Rechtliche Beurteilung

[12] Die Revision der Beklagten ist hingegen zur Wahrung der Rechtssicherheit zulässig; sie ist im Sinne des Abänderungsantrags auch berechtigt.

[13] 1. Die Revision des Klägers macht ausschließlich Fragen der Zurechnung des Verhaltens des Herstellers zur hier beklagten Händlerin geltend.

[14] 1.1. Diese sowie die von den (beiden) Stimmen im Schrifttum, auf die sich der Kläger stützen will, aufgeworfenen Fragen wurden jedoch bereits vom Obersten Gerichtshof dahin beantwortet, dass für eine solche Zurechnung keine Grundlage besteht (eingehend und umfassend 9 Ob 21/22m Rz 26 bis 38; vgl 8 Ob 70/23m Rz 20 mwN).

[15] 1.2. Aus den Feststellungen ergibt sich nicht, dass konkrete Eigenschaften, insbesondere motor- oder abgasbezogene Eigenschaften des Klagsfahrzeugs Gegenstand der Vertragsverhandlungen gewesen wären; auch für bestimmte Werbeaussagen in diese Richtung bestehen keine Anhaltspunkte. Nach den Feststellungen wusste die Erstbeklagte auch weder, dass beim Motor des Klagsfahrzeugs die Umschaltlogik installiert war, noch welcher Programmlogik das vom Fahrzeugherstellerkonzern angebotene Update folgte.

[16] Dass die Beklagte von listigen Handlungen der Herstellerin offenbar wissen musste (§ 875 ABGB 2. Fall), oder dass ihr ein Organisationsmangel vorzuwerfen wäre, etwa weil eine ihr zurechenbare Person (Geschäftsführer, Verkaufsberater) von einer (unzulässigen) Abschalteinrichtung im Zeitraum des Vertragsabschlusses Kenntnis gehabt hätte, wurde nicht konkret vorgebracht und lässt sich dem festgestellten Sachverhalt auch nicht entnehmen.

[17] Für eine schadenersatzrechtliche Haftung der Beklagten fehlt damit auch sonst jede Grundlage.

[18] 1.3. Die Revision des Klägers ist daher mangels Aufzeigens einer erheblichen Rechtsfrage zurückzuweisen.

[19] 2. In der Revision der Beklagten wird die Frage der Verjährung von Gewährleistungsansprüchen geltend gemacht.

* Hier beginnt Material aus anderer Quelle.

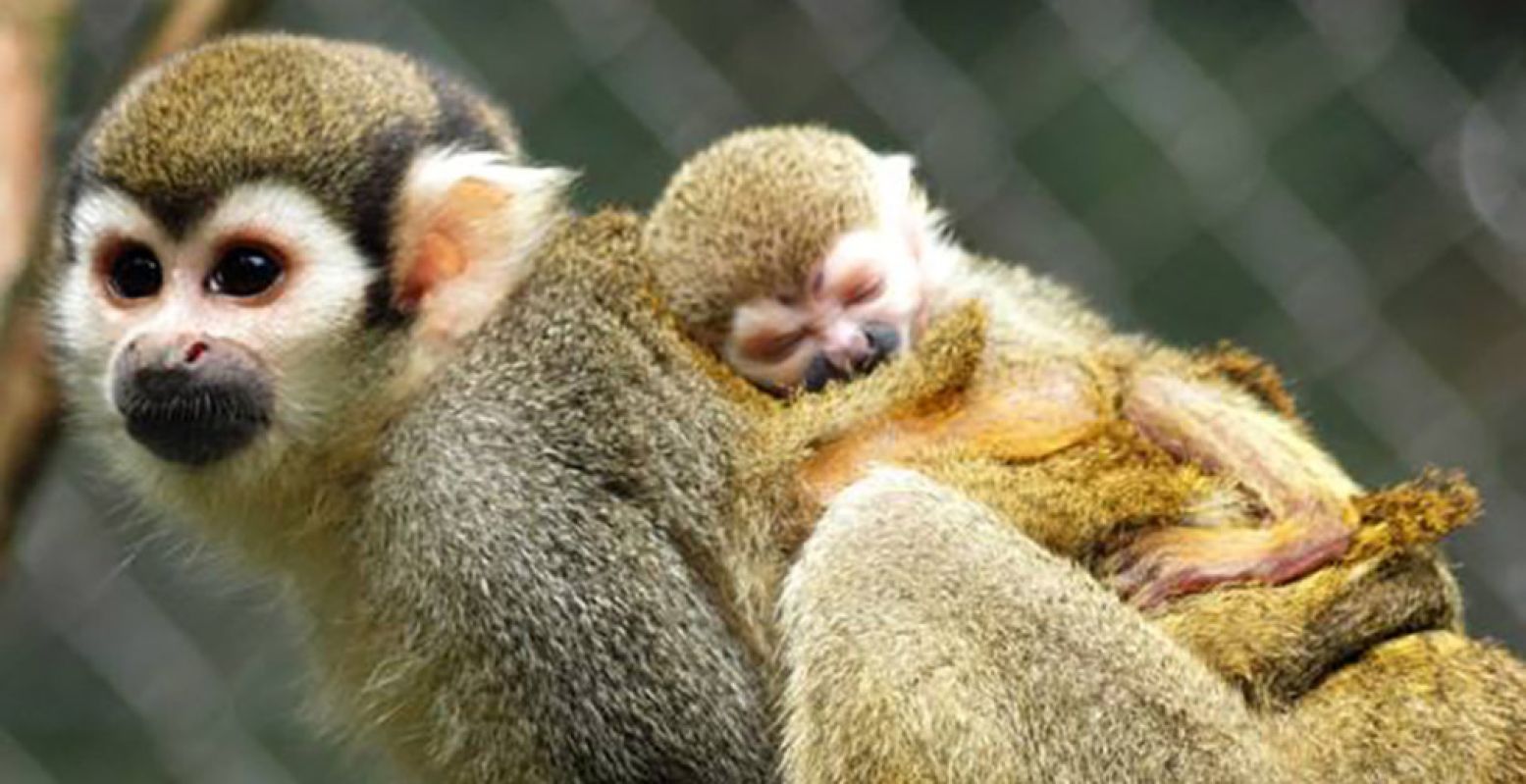 Kom aapjes kijken in BestZOO! Foto: BestZOO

[20] 2.1. Die Klage wurde am 11. 8. 2020 eingebracht. Weil Sachmängel bei beweglichen Sachen innerhalb von zwei Jahren ab Übergabe (Februar 2015; Update März 2017) verjähren, könnte sich der Kläger mit Aussicht auf Erfolg nur dann auf Gewährleistungsrecht berufen, wenn ein Rechtsmangel vorläge (vgl § 933 Abs 1 ABGB). Ein solcher ist aber – entgegen der Ansicht des Berufungsgerichts – nicht ersichtlich. Insbesondere ist die bloß befürchtete mangelnde Rechtsbeständigkeit der EG‑Typengenehmigung bzw die bloß befürchtete, also nicht konkret drohende Aufhebung der Zulassung kein Rechtsmangel (eingehend zum Ganzen 3 Ob 40/23p Rz 22 ff; vgl 8 Ob 70/23m Rz 28 ff; 10 Ob 27/23b Rz 43 f; 8 Ob 90/22a Rz 28 f).

[21] 2.2. Gewährleistungsansprüche des Klägers sind daher verjährt, wie schon das Erstgericht im Ergebnis zutreffend erkannt hatte.

[22] 3. Da andere Anspruchsgrundlagen im Revisionsverfahren nicht mehr releviert wurden, war das klagsabweisende Urteil des Erstgerichts zur Gänze wiederherzustellen.

[23] 4. Die Entscheidung über die Kosten des Rechtsmittelverfahrens stützt sich auf §§ 50, 41 ZPO.

[24] Die Beklagte hat auf die Unzulässigkeit der Revision des Klägers hingewiesen.

[25] Unter das Verfahren einleitenden Schriftsätzen im Sinne des § 23a RATG sind nicht Rechtsmittelschriftsätze zu verstehen (RS0126594 [T1]); für die Revision der Beklagten gebührt daher nur eine Erhöhung der Entlohnung von 2,60 EUR.